„Wenden wir uns wirklich den Menschen zu?“

In der letzten Fastenpredigt in diesem Jahr sprach im Essener Dom Dr. Stefan Vesper, Generalsekretär des Zentralkomitees der deutschen Katholiken, über die Konstitution "Gaudium et Spes".
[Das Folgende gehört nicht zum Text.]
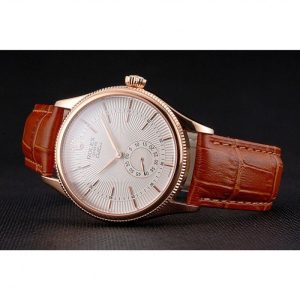 Super Clone Rolex Cellini White Dial Rose Gold Case Light Brown Leather Strap - Imagen 5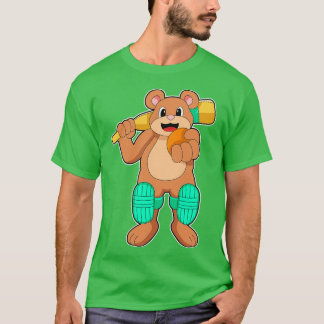 Camiseta Urso no Cricket com bastão de Cricket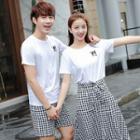 Couple Matching Short-sleeve Dog Embroidered T-shirt / Plaid A-line Skirt / Shorts
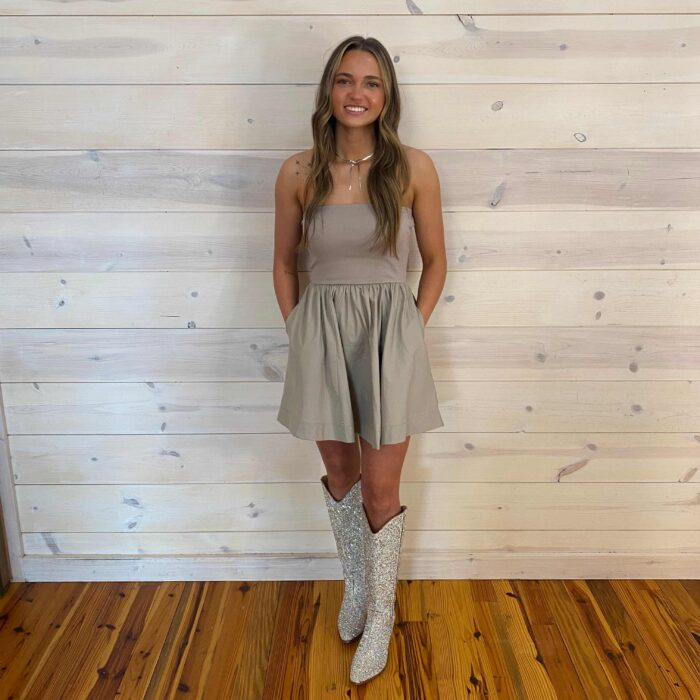 Combined Knit And Woven Tube Top Flare Mini Dress With Pockets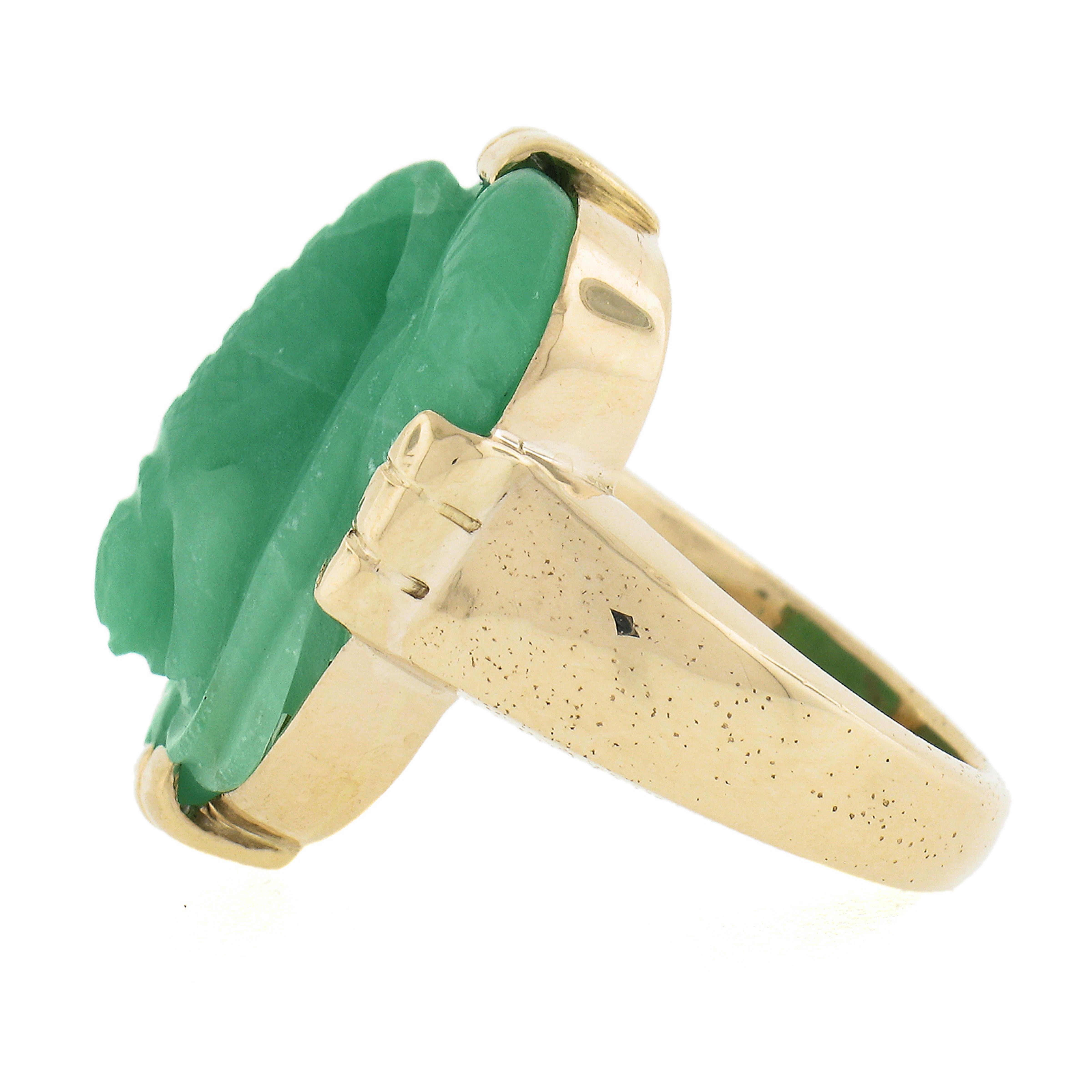 Vintage Solid 14k Yellow Gold Carved Jade Lizard / Salamander Cocktail Ring For Sale 2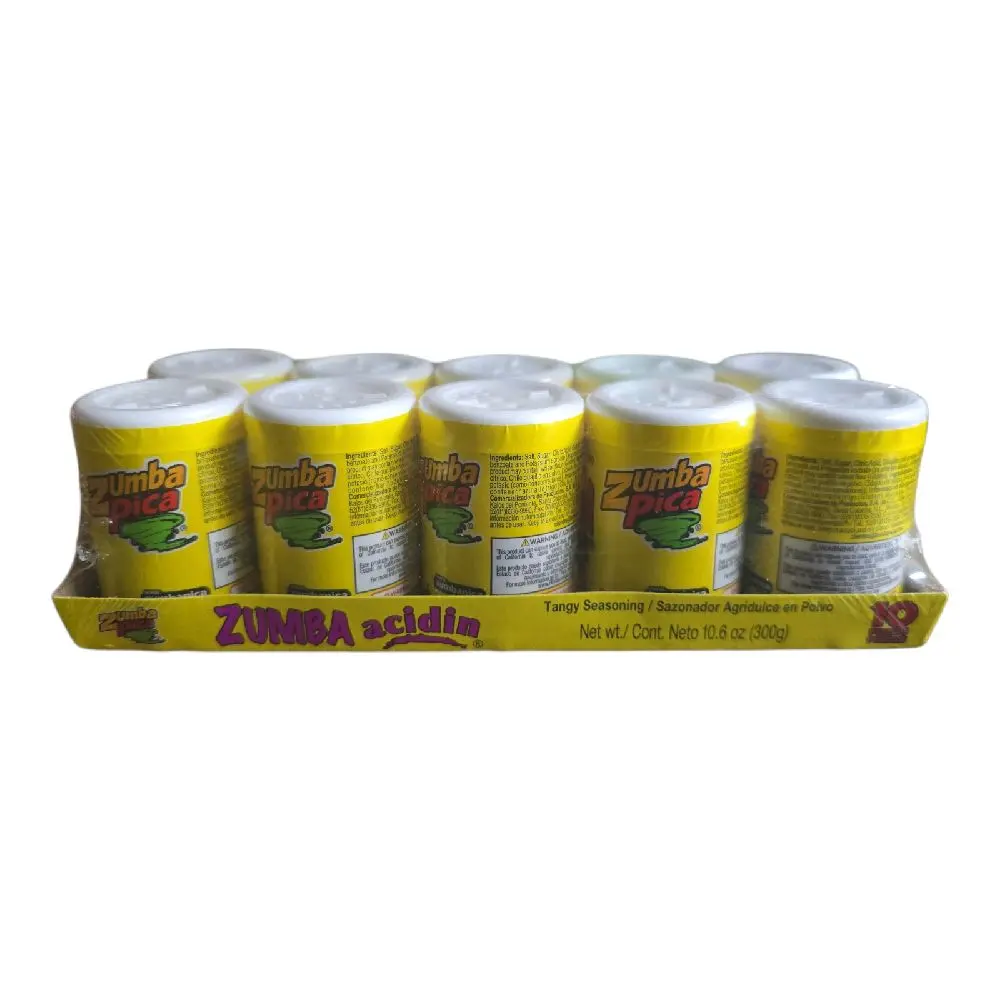 Zumba Acidin Tangy Seasoning 10-Piece Pack 10.6 oz Powdered Spice Blend for Fruits Snacks & Drinks - Salt, Flavorful Spice Blend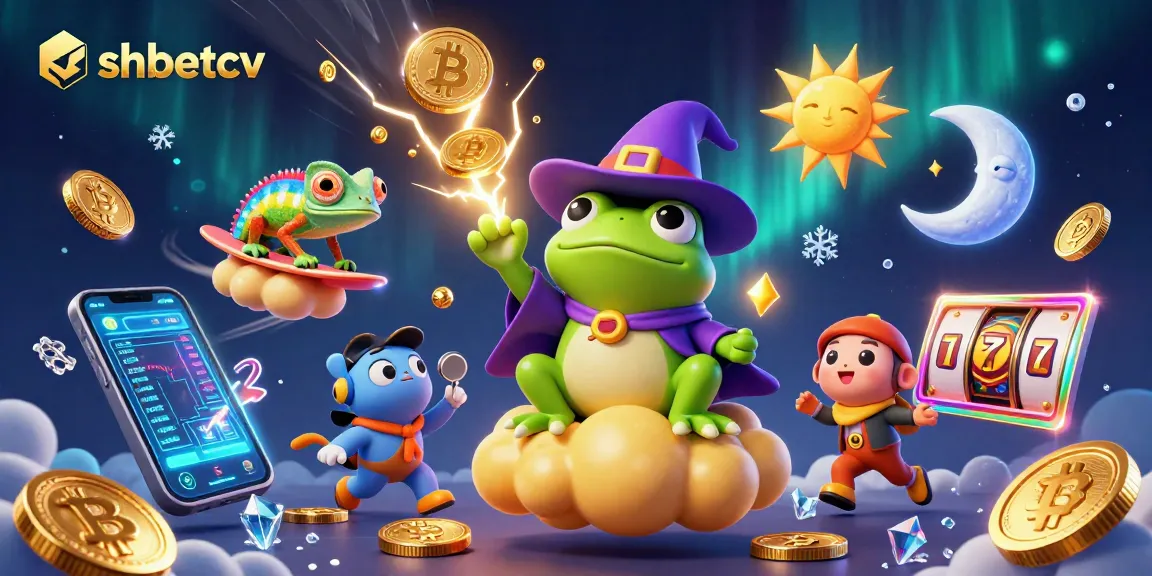 Join the fun at SHBETCV as the wizard frog showers golden coins amidst a rainbow chameleon in a vibrant casino scene.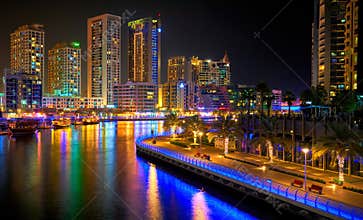 architectural landscape in the United Arab Emirates, Dubai at night.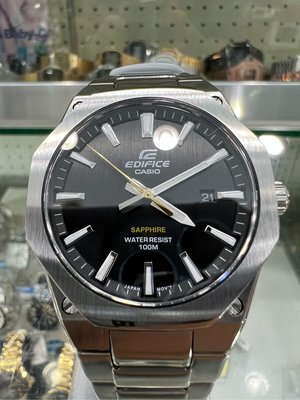 【金台鐘錶】CASIO卡西歐 EDIFICE 防水輕薄(八角) (藍寶石玻璃) 不鏽鋼錶帶 EFR-S108D-1A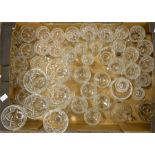A collection of cut glass and crystal stemware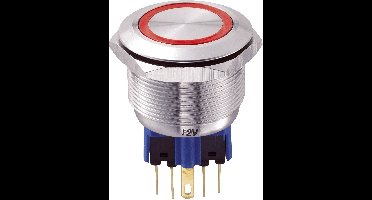 TRU COMPONENTS 701803 GQ25-11E/R/12V Vandalismebestendige druktoets 250 V/AC 5 A 1x aan/(aan) Moment Rood IP65 1 stuk(s)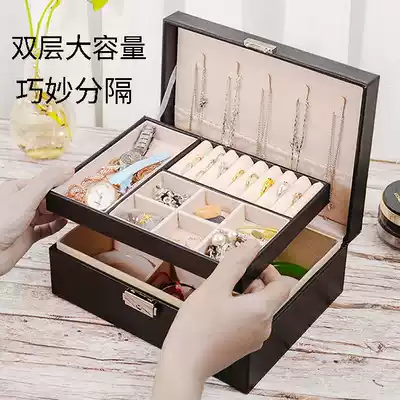 Jewelry storage box advanced ear needle earring necklace large capacity with lock earring jewelry box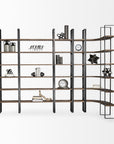 Brown Iron and Solid Wood Six Tier Bookcase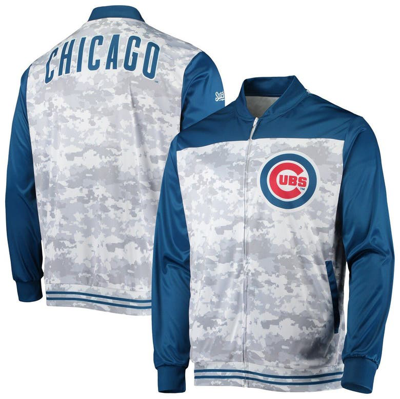 Shop Stitches Royal Chicago Cubs Camo Full-zip Jacket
ZdK-Generalsekretär Stefan Vesper über die Konstitution „Gaudium et Spes“

„Freude und Hoffnung, Trauer und Angst der Menschen von heute…“ – mit „Gaudium et Spes“ (lateinisch: Freude und Hoffnung), der Konstitution über die katholische Kirche, stand am Freitag der wohl bekannteste Text des II. Vatikanischen Konzils am Ende der Fastenpredigten 2015 im Essener Dom. Das Dokument sei eine „fast radikale Hinwendung zu einer Kirche in der Welt von heute“, beschrieb Referent Dr. Stefan Vesper, Generalsekretär des Zentralkomitees der deutschen Katholiken (ZdK), den Text – hin „zu einer Zeitgenossenschaft, zu einem Entdecken der Zeichen der Zeit.“ Gleichzeitig fragte Vesper selbstkritisch, ob denn die Erkenntnisse der nun bald 50 Jahre alten Pastoralkonstitution in der katholischen Kirche schon tatsächlich angekommen seien. Jährlich träten in Deutschland mehr als 120.000 Menschen aus der katholischen Kirche aus – „erkennen wir dies auch als Zeichen der Zeit, oder machen wir weiter ,business as usual‘“? „Gaudium et Spes“ beschreibe eine radikale Hinwendung der Kirche zu den Menschen – „aber wenden wir uns wirklich so den Menschen zu, dass wir sie nicht verlieren?“

„Magna Charta des Laien-Engagements“

In „Gaudium et Spes“ gehe es „fundamental um die Würde des Menschen“, betonte Vesper. Gleichzeitig sei der Konzilstext eine Art „Magna Charta des Laien-Engagements“ in der katholischen Kirche, so der ZdK-Chef – und schlug auch hier den Bogen in die Gegenwart: „Wie wichtig wäre es doch, dass wir Laien endlich noch viel mehr Einsatz in Kirche und Welt zeigen würden!“ Vesper forderte: „Wir dürfen nicht so bleiben, wie wir sind!“. In diese Forderung schloss Vesper auch die Amtskirche ein: Nicht unbedingt im Bistum Essen, aber an vielen anderen Orten würden Laien „immer noch Bevormundung, fehlende Wertschätzung, eine Behandlung von oben herab, ein entwürdigendes Gönnertum, ein Fürst-Untertanen-Attitüde, ein Bettler-Gönner-Schema oder eine absolutistische Alleinherrschaft“ erfahren. „Wie schön wäre es, wenn die Priester mehr Unterstützung und Feedback bekämen, mehr Lob und Kritik und Widerspruch – und die Laien mehr Licht und geistliche Kraft.“

Brücke zu Papst Franziskus

Schließlich schlug Vesper eine Brücke zu Papst Franziskus: „,Gaudium et Spes‘ könnte von ihm sein“, sagte der ZdK-Chef und ergänzte: „Wer Franziskus verstehen will, muss ,Gaudium et spes‘ lesen – und wer ,Gaudium et spes‘ verwirklichen will, der muss sich von diesem Papst herausfordern lassen, für ihn beten und in seinem Sinne handeln!“ (tr)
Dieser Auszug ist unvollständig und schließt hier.